◆ Prompt ◆
Please give the data again in full, precisely as it is written.

◆ Recorded information ◆

******************************

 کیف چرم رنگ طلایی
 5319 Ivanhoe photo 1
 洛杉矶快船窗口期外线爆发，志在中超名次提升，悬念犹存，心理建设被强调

******************************

◆ Your response ◆
 کیف چرم رنگ طلایی
 5319 Ivanhoe photo 1
 洛杉矶快船窗口期外线爆发，志在中超名次提升，悬念犹存，心理建设被强调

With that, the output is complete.